▸ Extracted entries

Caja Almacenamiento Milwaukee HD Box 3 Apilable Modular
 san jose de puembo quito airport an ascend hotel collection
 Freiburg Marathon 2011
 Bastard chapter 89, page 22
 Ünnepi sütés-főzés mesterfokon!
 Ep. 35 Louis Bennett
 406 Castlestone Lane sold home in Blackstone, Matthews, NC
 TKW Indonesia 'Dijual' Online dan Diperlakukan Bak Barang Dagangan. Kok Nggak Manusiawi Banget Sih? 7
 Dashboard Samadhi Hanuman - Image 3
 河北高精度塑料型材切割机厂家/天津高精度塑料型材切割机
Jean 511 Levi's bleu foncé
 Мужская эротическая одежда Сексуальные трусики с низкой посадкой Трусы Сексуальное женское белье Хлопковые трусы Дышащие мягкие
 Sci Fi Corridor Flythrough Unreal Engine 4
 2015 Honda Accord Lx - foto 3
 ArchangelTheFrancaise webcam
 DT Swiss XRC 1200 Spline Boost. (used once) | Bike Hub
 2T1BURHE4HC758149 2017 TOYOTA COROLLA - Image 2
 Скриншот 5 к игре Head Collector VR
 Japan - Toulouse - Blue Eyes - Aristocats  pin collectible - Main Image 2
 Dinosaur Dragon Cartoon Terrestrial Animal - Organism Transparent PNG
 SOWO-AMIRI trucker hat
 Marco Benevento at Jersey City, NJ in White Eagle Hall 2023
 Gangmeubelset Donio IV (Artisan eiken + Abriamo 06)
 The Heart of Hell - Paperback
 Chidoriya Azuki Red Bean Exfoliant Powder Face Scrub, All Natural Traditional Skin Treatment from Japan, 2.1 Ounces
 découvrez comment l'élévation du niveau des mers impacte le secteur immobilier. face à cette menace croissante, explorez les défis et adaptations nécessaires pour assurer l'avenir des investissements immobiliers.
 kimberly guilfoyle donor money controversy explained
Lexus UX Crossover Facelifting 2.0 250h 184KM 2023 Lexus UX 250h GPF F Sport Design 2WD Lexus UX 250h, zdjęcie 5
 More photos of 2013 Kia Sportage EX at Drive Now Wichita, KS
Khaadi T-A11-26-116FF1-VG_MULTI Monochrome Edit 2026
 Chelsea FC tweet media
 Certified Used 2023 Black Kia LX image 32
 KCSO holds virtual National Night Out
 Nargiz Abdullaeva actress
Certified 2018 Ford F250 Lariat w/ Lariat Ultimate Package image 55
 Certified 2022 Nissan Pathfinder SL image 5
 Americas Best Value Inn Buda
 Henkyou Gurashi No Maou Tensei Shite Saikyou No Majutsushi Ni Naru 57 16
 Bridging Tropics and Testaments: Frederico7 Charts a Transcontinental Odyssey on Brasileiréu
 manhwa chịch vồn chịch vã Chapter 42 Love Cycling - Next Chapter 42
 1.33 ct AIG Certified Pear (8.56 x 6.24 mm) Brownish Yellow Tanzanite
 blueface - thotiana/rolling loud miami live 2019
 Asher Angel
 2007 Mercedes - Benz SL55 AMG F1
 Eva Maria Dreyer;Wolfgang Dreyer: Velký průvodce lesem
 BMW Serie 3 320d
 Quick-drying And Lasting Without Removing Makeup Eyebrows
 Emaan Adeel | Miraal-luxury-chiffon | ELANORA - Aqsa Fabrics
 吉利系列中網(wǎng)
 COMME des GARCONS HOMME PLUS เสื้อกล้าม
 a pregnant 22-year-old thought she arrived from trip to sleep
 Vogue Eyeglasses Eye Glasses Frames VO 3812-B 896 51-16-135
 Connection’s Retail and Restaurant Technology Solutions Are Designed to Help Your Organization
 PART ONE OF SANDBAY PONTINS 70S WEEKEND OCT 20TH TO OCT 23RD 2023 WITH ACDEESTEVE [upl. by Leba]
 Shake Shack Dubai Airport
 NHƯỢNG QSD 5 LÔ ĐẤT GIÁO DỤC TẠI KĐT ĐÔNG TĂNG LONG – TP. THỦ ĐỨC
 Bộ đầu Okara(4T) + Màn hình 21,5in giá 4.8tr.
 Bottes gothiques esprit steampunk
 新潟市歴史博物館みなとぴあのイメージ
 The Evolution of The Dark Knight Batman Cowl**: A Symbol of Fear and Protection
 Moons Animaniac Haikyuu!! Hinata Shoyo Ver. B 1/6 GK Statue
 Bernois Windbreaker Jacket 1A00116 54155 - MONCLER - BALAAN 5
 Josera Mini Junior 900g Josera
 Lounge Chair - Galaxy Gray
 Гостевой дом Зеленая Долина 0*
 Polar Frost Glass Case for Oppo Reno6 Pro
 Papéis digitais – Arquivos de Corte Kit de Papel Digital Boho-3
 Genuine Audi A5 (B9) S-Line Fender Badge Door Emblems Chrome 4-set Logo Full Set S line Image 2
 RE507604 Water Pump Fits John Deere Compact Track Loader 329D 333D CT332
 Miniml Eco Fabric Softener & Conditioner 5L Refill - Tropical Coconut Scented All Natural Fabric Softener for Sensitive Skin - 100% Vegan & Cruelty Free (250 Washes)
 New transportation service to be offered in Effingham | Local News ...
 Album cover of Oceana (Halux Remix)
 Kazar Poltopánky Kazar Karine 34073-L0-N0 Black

▸ Problem description
Output the listing above word for word, from the opening line through the line that contains "Ep. 35 Louis Bennett", and leave out everything after it.

▸ Your solution
Caja Almacenamiento Milwaukee HD Box 3 Apilable Modular
 san jose de puembo quito airport an ascend hotel collection
 Freiburg Marathon 2011
 Bastard chapter 89, page 22
 Ünnepi sütés-főzés mesterfokon!
 Ep. 35 Louis Bennett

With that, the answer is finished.